5:30-45 is what I try to do it in now. 

There are people that drop the hammer and do it in 4 hours.


----------



## tuck (Oct 4, 2011)

tihsepa said:


> What kind of wheels do you have?



Bontrager Race X Lites. Had R3 tires, but had a nasty cut on the rear after mile 40, and replaced both with T1s from the SAG.


----------



## Gimme Shoulder (Feb 10, 2004)

It's all relative to your fitness and expectations. That would be a very good time for me.


----------



## BostonG (Apr 13, 2010)

Well, congratulations on setting your bar. Sounds like a fine time, even a good time - but like others say, it's all relative. You'll easily find numerous guys who'll point and laugh at you over that time and you'll easily find numerous guys who'll be well over it and admire you.

Log the details of the ride (# of people, how much did you suck wheel, how much did you pull, how was the wind, etc.), do the same ride again but better - taking the circumstances of the ride into account.


----------



## nightfend (Mar 15, 2009)

Under 5 hours is a good time. That's 20mph average, which isn't crazy fast, but a decent speed for that distance. Under 5 hours is very doable in a larger group, where you can share pulls at the front.


----------



## kfurrow (May 1, 2004)

onespeed said:


> There is only 600 feet of climbing for the whole 104 miles. It is a straight shot out to the end of Long Island.
> 
> There have been some rough years where there was rain and a headwind, but most of the time it is a blast.
> 
> ...


600 feet of climbing over 100 miles is pretty darn flat, but for the flattest, you need to check out the Seagull Century on Maryland's eastern shore.

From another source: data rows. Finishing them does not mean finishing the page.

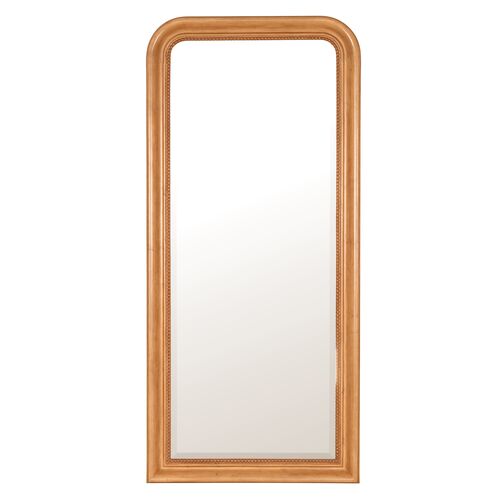 Mason Floor Mirror, Natural~P77660554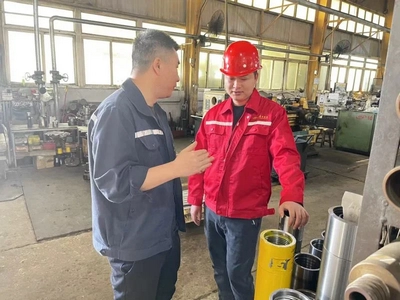 Drilling Equipment Training for Shanxi Guoyuan Customer
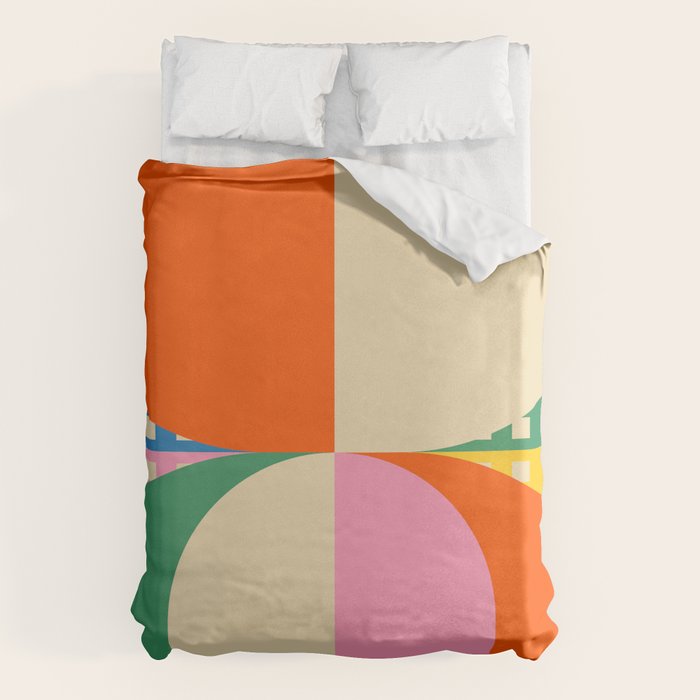 HAPPY BALANCE Duvet Cover Gallery Image 6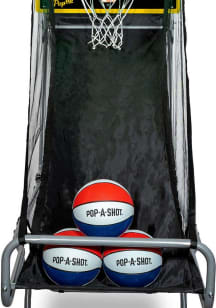 Black Iowa Hawkeyes Pop-A-Shot Pop Up Basketball Set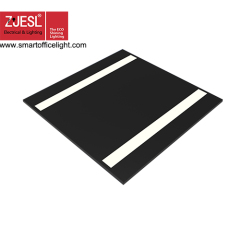 Panel de luz LED 140lm / W, con copa reflectora, UGR <13, bienvenido a diferentes longitudes y diseños.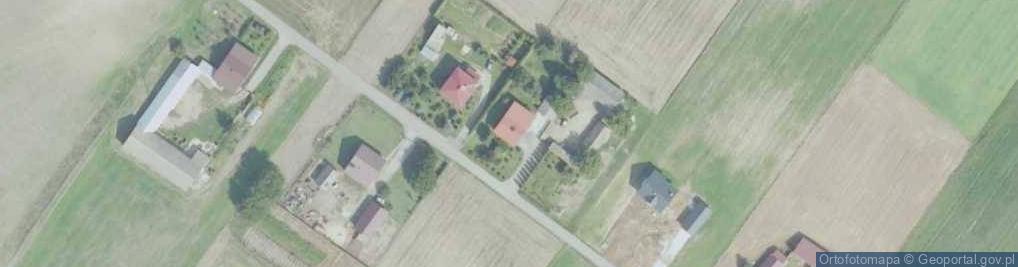 Zdjęcie satelitarne Stodoły-Kolonie ul.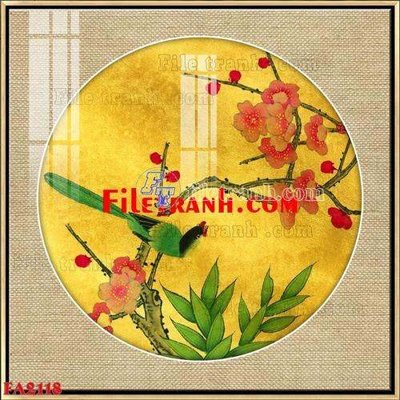 Tải file File gốc in bộ tranh decor treo tráng gương canvas FA2118 (gốc) làm tranh treo tường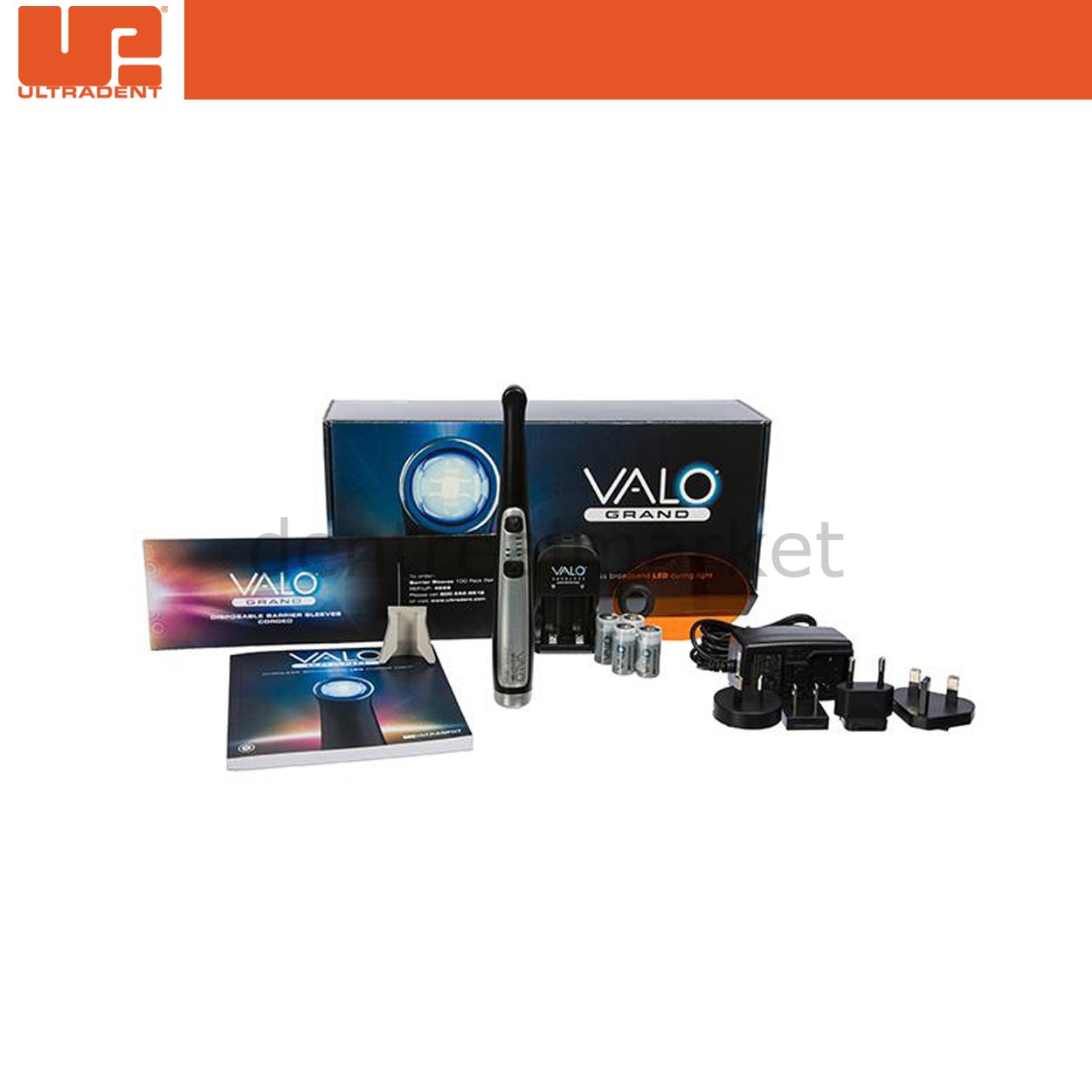 Ultradent Valo Grand LED Curing Light - Cordless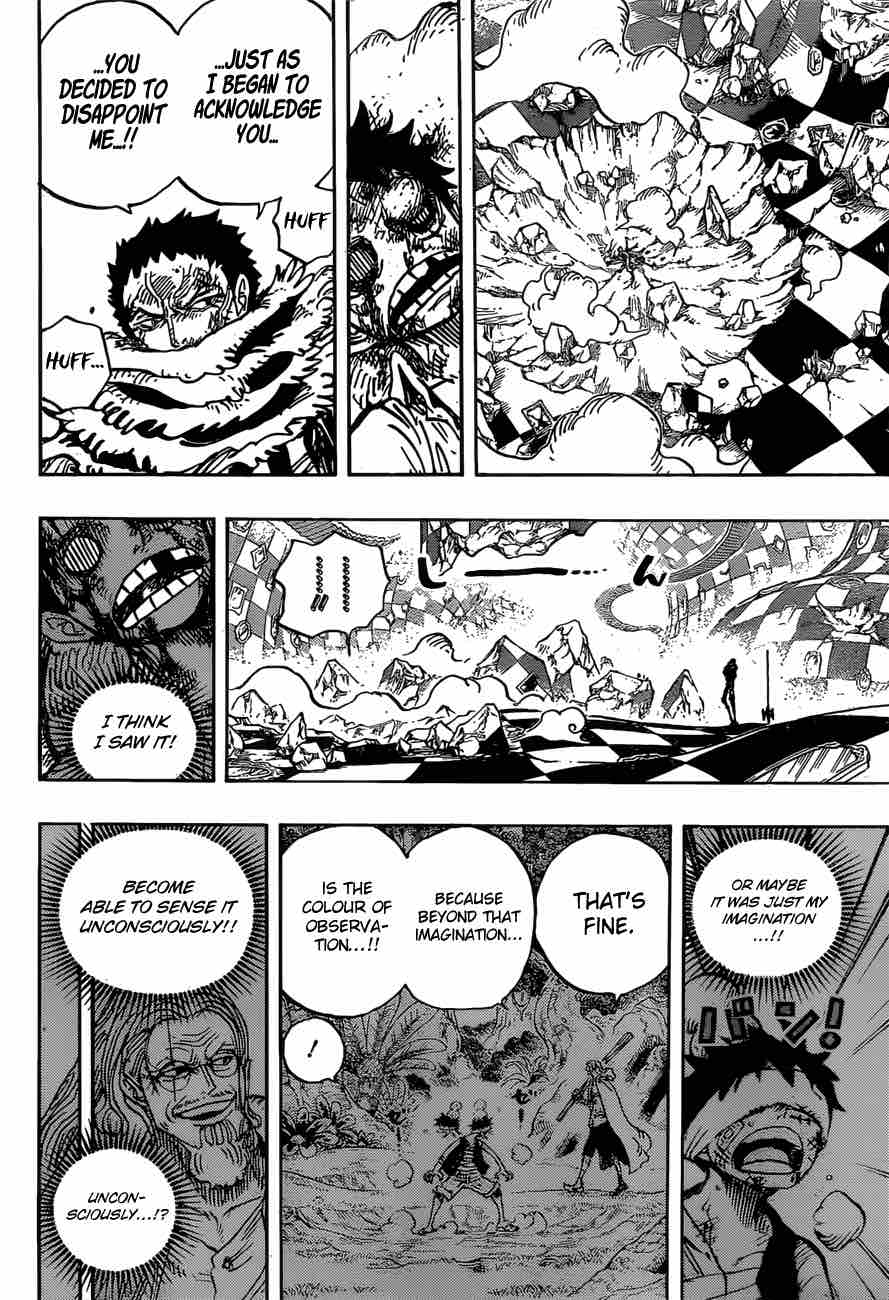 One Piece Chapter 893 page 6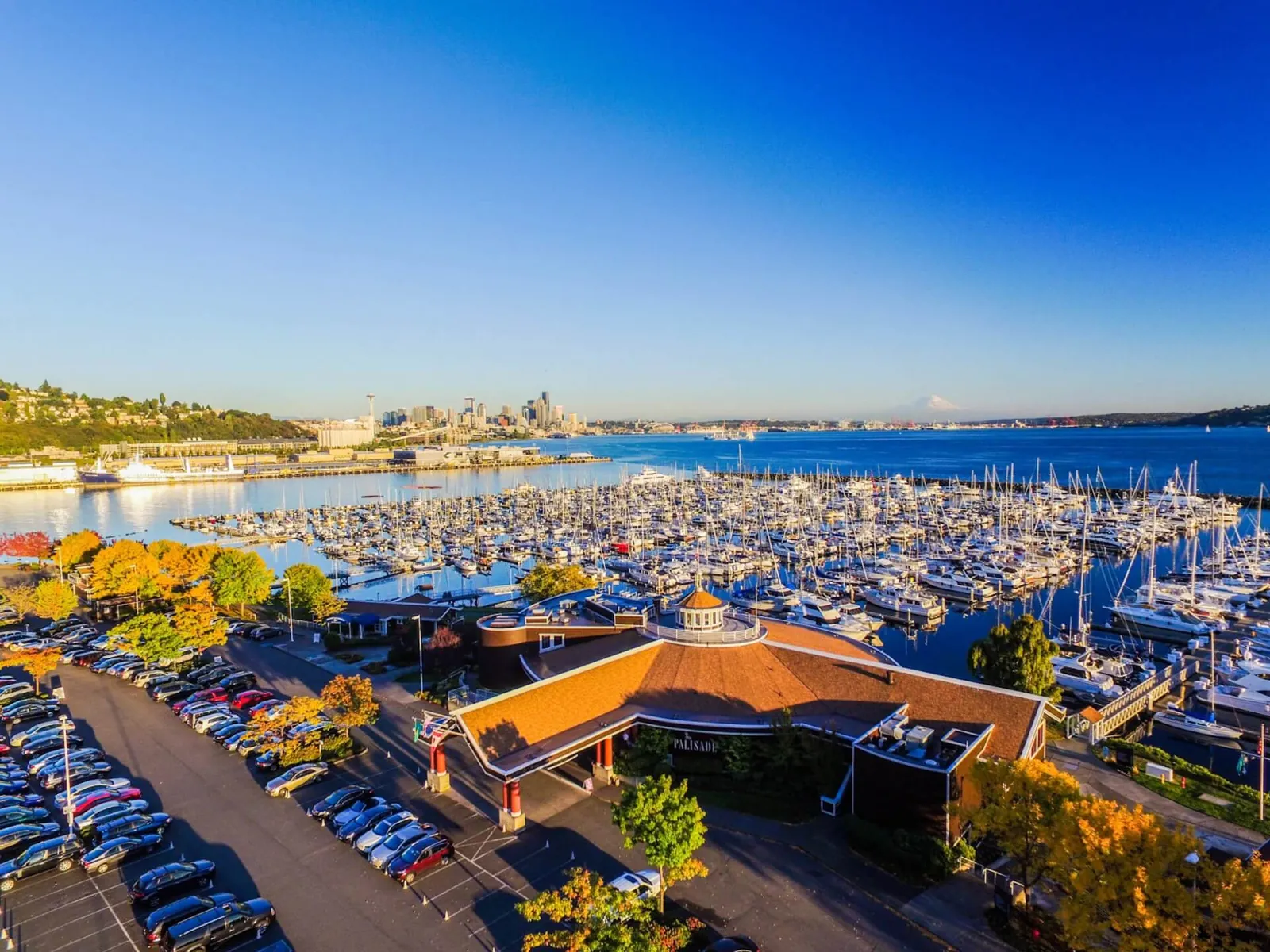 Elliott Bay Marina, Seattle, United States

There are two hills -- the bridge to Assateague Island and the same bridge back the other way. That is it. Maybe 100 feet of climbing in 100 miles.


----------



## nightfend (Mar 15, 2009)

And if you do the Seagull Century with the race-team group (which is a conglomeration of teams from around the Mid-Atlantic area), you'll be well under 5 hours. It's the fastest way to do the Seagull, and the average speed is usually around 24mph at the end.


----------



## tuck (Oct 4, 2011)

I had trouble finding a group to ride with. I was either way to fast, or way to slow. And when I DID find a good group to hang with...about 20-22ish, IIRC..., I had a flat at mile(ish) 42, and lost them. By the time I was ready to roll again, they wre long gone. 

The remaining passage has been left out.